Su presencia fue anunciada con bramido de transatlántico. Casi como si no pudiera reducirse al astigmatismo de los carteles, dispuesta a saltar desde una nota alta, con el claro de luna sobre la espalda, perpetuamente incorporado. Se la esperaba como una especie de constatación en la liturgia del cambio de régimen, un tropo lisonjero del aperturismo. Quizá, incluso, un nuevo paradigma, tan ingenuo como salvaje, de lo que podía ser la vida y la alcoba con un sintetizador y la muerte de Franco. Tan crudo y excitante como la idea de libertad de Delacroix subida a un pecho ardiente, con la bandera de los ochenta -sus excesos, sus ambigüedades, su frivolidad- cosida a la vez a una idea del porvernir en la que se dormía hasta las dos y se moría en la pista de baile.

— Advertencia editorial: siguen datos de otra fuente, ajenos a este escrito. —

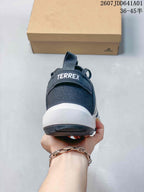 Rear view of the sneaker showing the Terrex heel marking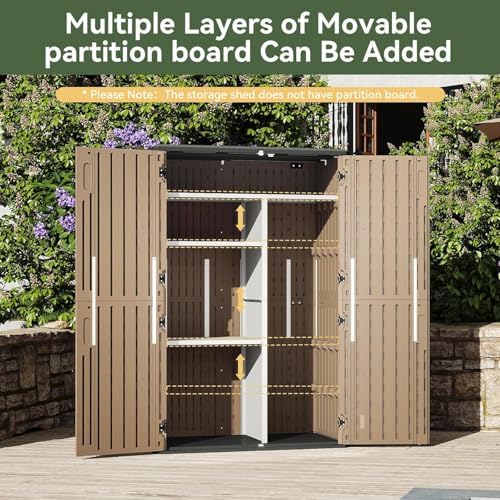 aoxun outdoor storage shed, 64 cu.ft vertical storage, close-up detail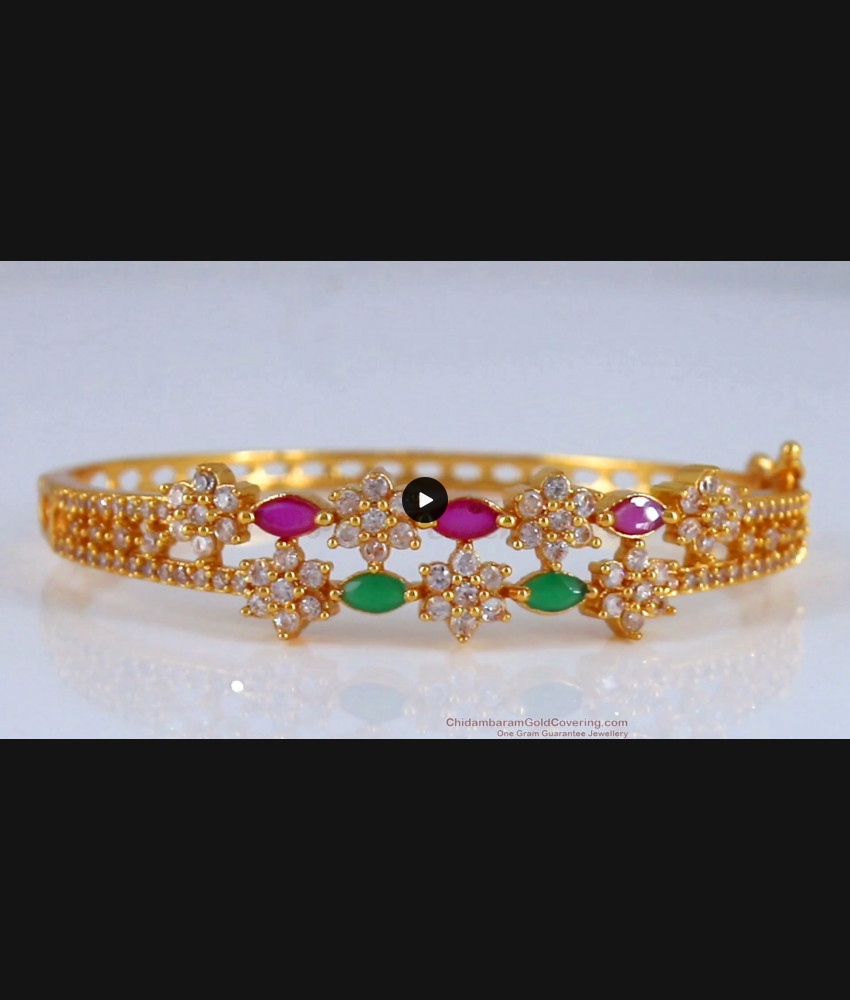 Trendy Gold Plated Bracelet Multi Stone Flower Design BRAC581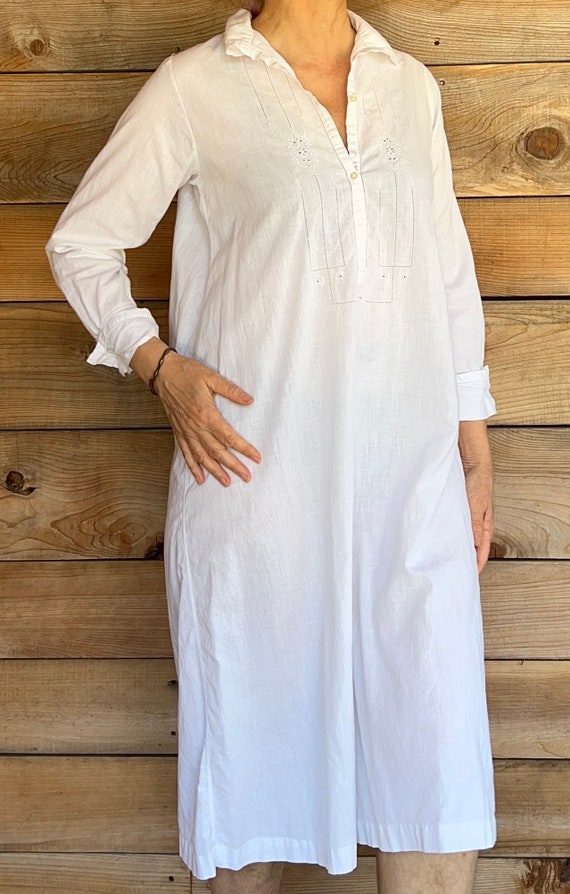 Antique Nightgown embroidered cotton lawn collar … - image 2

Grace Jones venía con simpatía y saña de torrente, dispuesta a enrollar el mar como si fuera una alfombra y arrasar con los patucos y la cursilería de la rubia de bote. Transformadora y andrógina, la artista era la profeta, en plena carrera espacial, de un nuevo tipo de belleza marciana que había supuesto el contrapunto de la languidez sumisa de las mujeres de la nouvelle vague y que al mismo tiempo había seducido a Warhol, que veía en ella, sobre el butacón de Studio 54, un registro alocado e inusual del que beberían más tarde, en muchos casos sin ningún rubor, cantantes como Lady Gaga.

En su visita a la Costa del Sol, la jamaicana cargaba ya con todos los atributos que se enunciaban como si fueran la transformación definitiva de la estética y de los roles; incluso en el cine, donde además de dejar su huella en Roger Moore o Sean Connery, había acobardado al mismísimo Arnold Schwarzenegger, quien, a pesar de su valentía para firmar sentencias de muerte y atiborrarse de esteroides, confesó durante el rodaje de Conan el Constructor que se sentía intimidado por la agresividad de Jones y su sensualidad desbordante. Pocas horas después de su llegada a Marbella, la prensa, que la había saludado al grito de «linda negrita», como si fuera una matriarca de Zambia llegada en una olla en taparrabos, empezó a darle tono inequívoco de bestia. Y de paso, a brindarle una atención que, en el fondo, convertía al resto de famosos habituales en una silueta.

En los días posteriores a su aterrizaje, los paseos de Grace Jones acabaron por zamparse con patatas la estela de las celebrities. Y no porque se diera a la casquivanía y al escándalo, sino simplemente porque se trataba de ella, que en reposo y sosiego causaba el mismo efecto que una aparición con rayos violeta esperando turno en el semáforo. Y más en un verano como el de 1989, en el que los famosos se quejaban de la ausencia de otros famosos y el hijo de Khassogui cantaba en el piano-bar mientras el obispo se apenaba públicamente por la detención de su padre.

Tiempos extraños, en la antesala canallesca del gilismo, con una Marbella desinflada paradójicamente a golpe de burbuja, pero que para la cantante fueron poco menos que revitalizantes. Grace Jones viajaba con su pareja de la época, Tony Pike, y su hijo Paulo, que dejó a todos boquiabiertos con una exhibición de baile que hizo a muchos aristócratas entonar el nombre de Michael Jackson. Con un preludio de maletas llenas de pieles, collares luminosos y hasta serpientes, la artista se dejó fotografiar junto a la empresaria Olivia Valere y otros miembros de la despreocupada sociedad marbellí, que se sentía revitalizada y moderna al lado de una mujer que veinte años antes habría hecho gritar en la ducha a doña Carmen Polo y sus compañeras del club del dulce, la caridad y las pastas.

Precisamente, los fan de la cantante, que además de ser un icono de la época lo fue también de la revolución sexual, le reprocharían más tarde que en una visita posterior a Málaga eligiera actuar en el hotel Puente Romano, donde los sudores que provocaba en las pistas fueron reemplazados por palcos y vestimentas que en otra época hubieran servido para asistir a la ópera de París y la mesa del Papa. En aquel concierto, celebrado en 2005, hubo quienes pagaron hasta 2.200 euros para ver a la cantante. Entre ellos, la propia Gunnilla von Bismarck, que era físicamente a Grace Jones lo que un colibrí a un tigre desbocado. Esa noche, sin embargo, de nuevo bajo el cielo de Marbella, la artista no defraudó, con su vestuario rupturista de era cibernética y su silabada susurrante; un cañón de luz, en las décadas de cambio de la Costa.